Okay, so here’s the crux of this post: what have I done to deserve this fantasy life of mine? The answer: NOTHING. I was simply born lucky. I was born into a good family that resides in a rich, functional country. Yes, I work hard. 80-hour weeks are nothing for me. But it’s EASY for me to work hard. I have the materials and infrastructure to do so, and the work is rewarding. It was all given to me.
So how do I feel when I see these heart-breaking slums? I feel like a scoundrel. A cheat. An aristocratic jerk.
But I enjoy my nice life and I believe in my life’s work as a musician. And I want to raise my kids well so they can go out and do important things in their lives, which might include helping people in slums.

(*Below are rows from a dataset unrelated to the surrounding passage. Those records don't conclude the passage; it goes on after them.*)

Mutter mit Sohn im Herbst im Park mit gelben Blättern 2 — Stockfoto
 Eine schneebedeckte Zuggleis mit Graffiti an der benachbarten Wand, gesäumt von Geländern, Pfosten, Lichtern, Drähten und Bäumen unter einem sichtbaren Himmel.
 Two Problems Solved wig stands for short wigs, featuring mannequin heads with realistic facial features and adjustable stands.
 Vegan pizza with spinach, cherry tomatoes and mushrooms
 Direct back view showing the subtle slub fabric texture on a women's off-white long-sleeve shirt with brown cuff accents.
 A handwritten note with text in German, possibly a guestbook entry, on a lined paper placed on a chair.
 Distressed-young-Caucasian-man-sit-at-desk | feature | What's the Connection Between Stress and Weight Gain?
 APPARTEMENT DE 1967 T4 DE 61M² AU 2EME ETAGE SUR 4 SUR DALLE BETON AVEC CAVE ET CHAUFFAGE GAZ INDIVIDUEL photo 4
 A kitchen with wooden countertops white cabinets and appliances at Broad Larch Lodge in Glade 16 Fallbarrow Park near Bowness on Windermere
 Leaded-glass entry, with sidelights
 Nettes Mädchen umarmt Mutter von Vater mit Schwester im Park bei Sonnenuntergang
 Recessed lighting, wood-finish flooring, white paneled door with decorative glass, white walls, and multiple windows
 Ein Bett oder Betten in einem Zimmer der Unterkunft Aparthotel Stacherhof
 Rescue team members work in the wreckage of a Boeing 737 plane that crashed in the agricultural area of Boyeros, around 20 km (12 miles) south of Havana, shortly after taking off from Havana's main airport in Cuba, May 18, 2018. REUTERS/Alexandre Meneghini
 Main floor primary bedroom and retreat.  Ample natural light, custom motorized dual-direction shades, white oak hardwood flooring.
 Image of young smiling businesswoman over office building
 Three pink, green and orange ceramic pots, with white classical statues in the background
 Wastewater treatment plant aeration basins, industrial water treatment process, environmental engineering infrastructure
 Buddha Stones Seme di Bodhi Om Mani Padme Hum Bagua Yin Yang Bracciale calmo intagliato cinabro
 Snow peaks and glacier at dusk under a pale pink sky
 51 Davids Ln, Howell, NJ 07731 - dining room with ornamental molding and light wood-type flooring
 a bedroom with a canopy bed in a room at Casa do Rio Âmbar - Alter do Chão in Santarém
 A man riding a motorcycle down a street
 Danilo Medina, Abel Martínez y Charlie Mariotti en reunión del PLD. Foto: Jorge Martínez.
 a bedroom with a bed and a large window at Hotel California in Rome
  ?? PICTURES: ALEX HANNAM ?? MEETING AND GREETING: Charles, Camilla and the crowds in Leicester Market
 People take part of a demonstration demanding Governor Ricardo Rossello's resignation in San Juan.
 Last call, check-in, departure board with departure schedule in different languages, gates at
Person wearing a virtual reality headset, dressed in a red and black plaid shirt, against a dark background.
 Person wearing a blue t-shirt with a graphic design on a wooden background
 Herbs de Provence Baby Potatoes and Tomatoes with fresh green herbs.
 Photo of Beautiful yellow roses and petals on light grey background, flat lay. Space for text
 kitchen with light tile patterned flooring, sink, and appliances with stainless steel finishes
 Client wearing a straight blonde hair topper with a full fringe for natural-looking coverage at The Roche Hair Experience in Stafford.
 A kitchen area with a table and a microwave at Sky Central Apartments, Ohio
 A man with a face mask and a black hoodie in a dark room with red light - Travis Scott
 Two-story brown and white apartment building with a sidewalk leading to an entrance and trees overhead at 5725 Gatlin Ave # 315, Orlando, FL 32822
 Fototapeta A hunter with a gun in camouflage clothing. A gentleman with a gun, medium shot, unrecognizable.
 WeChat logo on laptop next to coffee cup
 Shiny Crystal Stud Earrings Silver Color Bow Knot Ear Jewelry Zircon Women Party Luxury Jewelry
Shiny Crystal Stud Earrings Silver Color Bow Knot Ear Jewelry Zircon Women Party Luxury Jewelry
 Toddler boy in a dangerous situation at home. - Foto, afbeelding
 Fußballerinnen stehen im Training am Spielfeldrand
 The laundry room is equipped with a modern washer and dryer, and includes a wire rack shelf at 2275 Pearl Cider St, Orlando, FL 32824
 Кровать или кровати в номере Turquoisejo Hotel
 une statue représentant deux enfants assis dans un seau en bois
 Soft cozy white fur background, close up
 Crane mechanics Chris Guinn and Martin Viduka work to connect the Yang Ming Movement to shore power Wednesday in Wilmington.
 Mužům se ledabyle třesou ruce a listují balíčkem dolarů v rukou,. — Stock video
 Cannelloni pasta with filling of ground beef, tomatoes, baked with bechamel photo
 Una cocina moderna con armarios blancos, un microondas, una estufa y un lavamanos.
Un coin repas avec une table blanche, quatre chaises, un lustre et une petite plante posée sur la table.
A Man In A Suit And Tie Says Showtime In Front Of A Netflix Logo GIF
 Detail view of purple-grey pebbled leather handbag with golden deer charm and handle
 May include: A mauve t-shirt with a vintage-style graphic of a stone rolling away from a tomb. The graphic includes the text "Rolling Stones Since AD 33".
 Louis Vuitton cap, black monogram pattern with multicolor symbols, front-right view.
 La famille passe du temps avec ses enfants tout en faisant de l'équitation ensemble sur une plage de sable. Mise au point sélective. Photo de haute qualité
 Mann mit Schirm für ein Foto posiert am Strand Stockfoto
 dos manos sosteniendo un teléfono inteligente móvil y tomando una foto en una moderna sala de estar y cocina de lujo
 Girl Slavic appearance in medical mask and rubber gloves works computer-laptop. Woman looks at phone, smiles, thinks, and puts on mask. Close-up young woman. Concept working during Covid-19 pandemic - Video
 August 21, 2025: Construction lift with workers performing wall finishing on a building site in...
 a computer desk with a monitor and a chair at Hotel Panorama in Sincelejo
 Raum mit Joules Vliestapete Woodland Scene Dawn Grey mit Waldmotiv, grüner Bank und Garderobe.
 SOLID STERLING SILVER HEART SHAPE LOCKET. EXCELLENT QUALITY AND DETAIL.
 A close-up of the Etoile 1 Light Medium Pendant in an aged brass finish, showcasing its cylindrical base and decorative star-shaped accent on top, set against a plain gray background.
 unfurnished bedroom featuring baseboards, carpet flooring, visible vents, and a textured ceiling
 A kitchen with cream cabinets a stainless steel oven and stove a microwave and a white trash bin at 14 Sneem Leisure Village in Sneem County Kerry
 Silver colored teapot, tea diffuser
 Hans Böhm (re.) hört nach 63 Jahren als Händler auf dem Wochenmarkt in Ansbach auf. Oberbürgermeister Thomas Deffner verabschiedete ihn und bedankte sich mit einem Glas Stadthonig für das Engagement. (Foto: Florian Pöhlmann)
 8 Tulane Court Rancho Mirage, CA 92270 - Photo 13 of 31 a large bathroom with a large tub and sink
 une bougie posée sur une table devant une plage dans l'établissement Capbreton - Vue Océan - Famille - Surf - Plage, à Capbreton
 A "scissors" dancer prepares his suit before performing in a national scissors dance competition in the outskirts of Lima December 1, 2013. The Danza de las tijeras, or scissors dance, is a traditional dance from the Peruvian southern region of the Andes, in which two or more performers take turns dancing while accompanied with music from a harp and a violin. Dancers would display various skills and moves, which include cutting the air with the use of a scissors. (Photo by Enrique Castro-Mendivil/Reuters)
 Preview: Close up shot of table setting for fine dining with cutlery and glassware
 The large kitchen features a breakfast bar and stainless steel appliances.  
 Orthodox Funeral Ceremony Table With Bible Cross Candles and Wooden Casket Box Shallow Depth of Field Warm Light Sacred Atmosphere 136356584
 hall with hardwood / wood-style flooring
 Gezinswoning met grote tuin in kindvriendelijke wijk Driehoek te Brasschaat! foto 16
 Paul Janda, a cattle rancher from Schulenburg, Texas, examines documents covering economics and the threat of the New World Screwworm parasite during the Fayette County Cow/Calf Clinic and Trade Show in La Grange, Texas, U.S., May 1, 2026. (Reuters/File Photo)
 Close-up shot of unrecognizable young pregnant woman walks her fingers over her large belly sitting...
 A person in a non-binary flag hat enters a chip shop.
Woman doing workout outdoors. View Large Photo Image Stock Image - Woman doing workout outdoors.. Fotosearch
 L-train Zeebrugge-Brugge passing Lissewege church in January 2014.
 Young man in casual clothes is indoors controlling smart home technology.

I know I can give to the poor (which I do) and I also understand that there are much smarter people than me working to solve the issues of global poverty. But none of that erases the fact that so much of our individual fortunes are a result of pure, dumb, blind luck. It’s terribly unfair and brings me to tears. If you have an answer to this difficulty I am willing to listen and learn. (And by the way, “It is all part of God’s plan” is not a reasonable answer. That’s just a glib justification from the rich that maintains the status quo. I’m not ruling out a religious answer, but that isn’t it.) If you’re reading, kindly share your thoughts.